* [EXERCISE DATA]
______
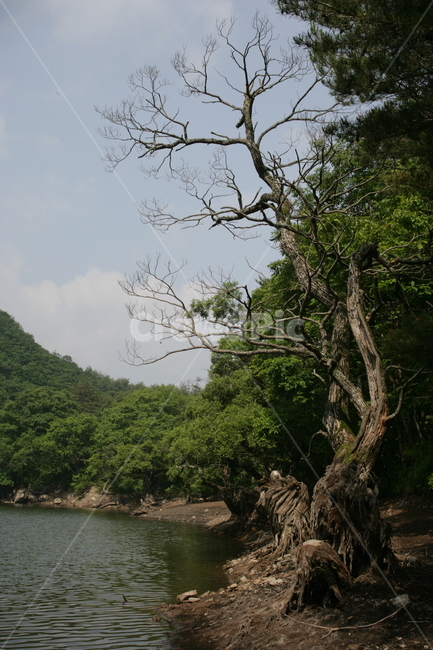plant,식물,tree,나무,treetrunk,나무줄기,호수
______
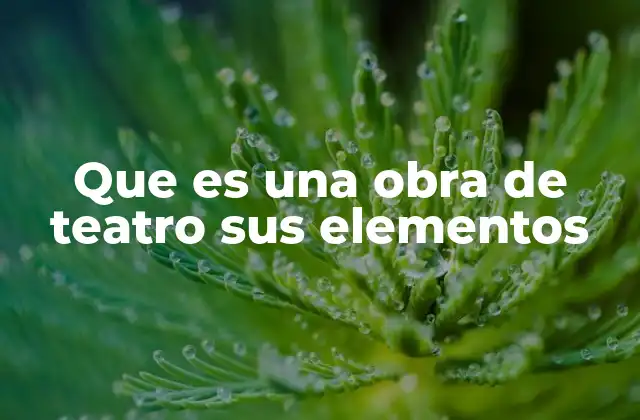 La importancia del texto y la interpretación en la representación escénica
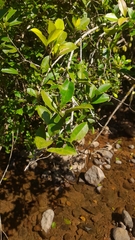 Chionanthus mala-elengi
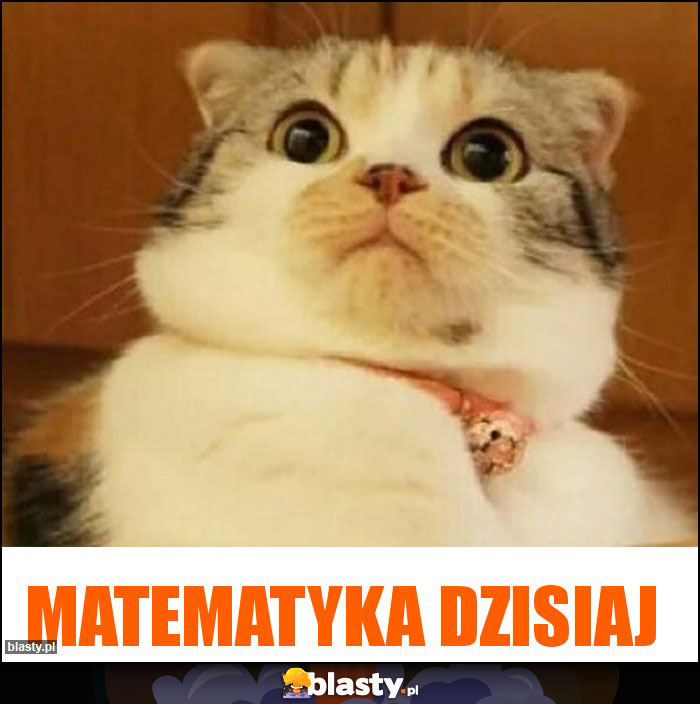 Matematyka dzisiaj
______
* [ABOUT THIS TASK] Restate the lines above from the one containing "La importancia del" through the one containing "Matematyka dzisiaj", inclusive, exactly and without pictures.

* [RESULT OF THE TASK]
 La importancia del texto y la interpretación en la representación escénica
 Chionanthus mala-elengi
 Matematyka dzisiaj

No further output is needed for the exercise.